Corporate credit risk prediction under stochastic volatility and jumps

Corporate credit risk prediction under stochastic volatility and jumps

... first model by Merton (1974) laid the foundation to the structural approach and this has served as the cornerstone for all other structural ...ton model, the assumption in the model ... See full document

43

The determinants of credit default swap spreads in the presence of structural breaks and counterparty risk

The determinants of credit default swap spreads in the presence of structural breaks and counterparty risk

... the model coefficients, Model (3) seems to be suited for Aviva, Philips, Imperial Tobacco, Total and Vinci; this model depicts a regime shift in the long run relationship which indicates that the ... See full document

36

A multivariate approach for the simultaneous modelling of market risk and credit risk for cryptocurrencies

A multivariate approach for the simultaneous modelling of market risk and credit risk for cryptocurrencies

... The extreme volatility, skewness, kurtosis, and dependence of cryptocurrencies due to the frequent presence of structural breaks and price manipulations pose a serious challenge to any multivariate ... See full document

49

The determinants of credit default swap spreads in the presence of structural breaks and counterparty risk

The determinants of credit default swap spreads in the presence of structural breaks and counterparty risk

... the model coefficients, Model (3) seems to be suited for Aviva, Philips, Imperial Tobacco, Total and Vinci; this model depicts a regime shift in the long run relationship which indicates that the ... See full document

36

Pricing Credit Default Swap Subject to Counterparty Risk and Collateralization

Pricing Credit Default Swap Subject to Counterparty Risk and Collateralization

... no risk of failure to ...bilateral risk products, ...the risk of CDS ...big jumps, whereas the price movements of IRS contracts are far smoother and less volatile than CDS ...more risk ... See full document

27

Pricing Credit Default Swaps Under Default Correlations and Counterparty Risk

Pricing Credit Default Swaps Under Default Correlations and Counterparty Risk

... the credit risk induced by the interde- pendence structure between firms by generalizing the intensity based models to allow a firm exposed to some firm-specific default risk, as well as to common ... See full document

22

A Gentle Introduction to Default Risk and Counterparty Credit Modelling

A Gentle Introduction to Default Risk and Counterparty Credit Modelling

... preferred model, that can be either a simple Geometric Brownian motion or a more sophisticated process such as a mean-reverting model with jumps and stochastic ... See full document

58

Credit Default Swap Valuation with Counterparty Risk

Credit Default Swap Valuation with Counterparty Risk

... their model, the default intensity is assumed to be “al- most” linear in the short interest ...of counterparty risk on the pricing of a CDS, Jarrow and Yu (2001) assume an inter-dependent default ... See full document

21

Structural models in credit risk

Structural models in credit risk

... This model has also some signicant advantages in yhe point of view of practical im- plementation because this provides a closed form solution for the pricing of credit default swaps (CDS) and, on the other ... See full document

62

Modeling the impact of the volatility of the perceived counterparty credit risk on hedge accounting effectiveness

Modeling the impact of the volatility of the perceived counterparty credit risk on hedge accounting effectiveness

... fact, credit risk has only become a topical issue since the 2007 Credit Crisis with the main approaches to credit risk modelling only starting to be consolidated in the upcoming ... See full document

51

Market and Counterparty Credit Risk: Selected Computational and Managerial Aspects

Market and Counterparty Credit Risk: Selected Computational and Managerial Aspects

... on structural and reduced form credit modeling, explicitly elaborating on their use also for CVA modeling, given in Subchapter ...to model default dependency.

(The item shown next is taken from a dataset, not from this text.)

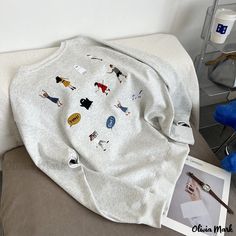 Olivia Mark - Winter Cartoon Embroidered Round Neck Sweatshirt - Korean Style Loose Couple Top with Fleece Lining Winter Cartoon, Couples Sweaters, Korean Brand, Cartoon Embroidery, Round Neck Sweater, Korean Brands, Round Neck Top, Fit Couples, Round Neck Sweatshirts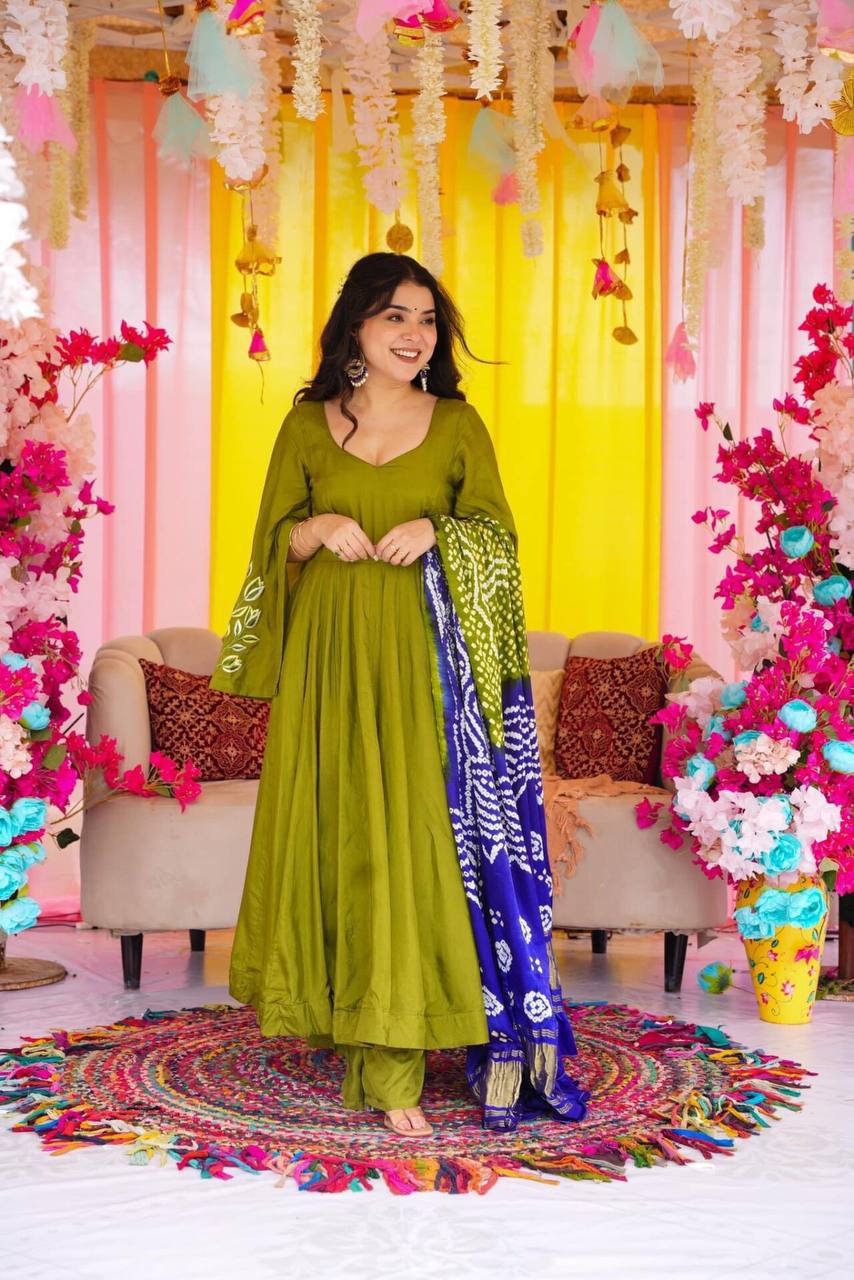 Megha Suit Set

A detailed description of the ... See full document

245

Valuation of Credit Default Swap with Counterparty Default Risk by Structural Model

Valuation of Credit Default Swap with Counterparty Default Risk by Structural Model

... A structural model uses the evolution of a firm’s structural variables, such as an asset and debt values, to determine the time of a ...Merton’s model [1] is considered as the first ... See full document

12

The Valuation of Financial Derivatives Subject to Counterparty Risk and Credit Value Adjustment

The Valuation of Financial Derivatives Subject to Counterparty Risk and Credit Value Adjustment

... Compared to the risk-free valuation (4), the risky valuation (5) is substantially complex. The intermediate values are vital to determine the final price. For a small time interval, the current risky value has a ... See full document

41

A network of business relations to model counterparty risk

A network of business relations to model counterparty risk

... factor model that describes the value of a firm in order to include an idiosyncratic term which takes into account the business connections with other firms in the ... See full document

10

Counterparty credit risk under credit risk contagion using time-homogeneous phase-type distribution

Counterparty credit risk under credit risk contagion using time-homogeneous phase-type distribution

... For example, in a microeconomic context, companies rely on a chain of suppliers and service providers to deliver the goods and services they need to meet customer demand. That journey from source to destination has ... See full document

188

Copulas and Dependence models in Credit Risk: Diffusions versus Jumps

Copulas and Dependence models in Credit Risk: Diffusions versus Jumps

... Merton model and in non Gaussian struc- tural models, factorization permits to substitute the original copulas with the product one, according to ...Merton model and when they correspond to the most ... See full document

15

Does a Central Clearing Counterparty Reduce Counterparty Risk?

Does a Central Clearing Counterparty Reduce Counterparty Risk?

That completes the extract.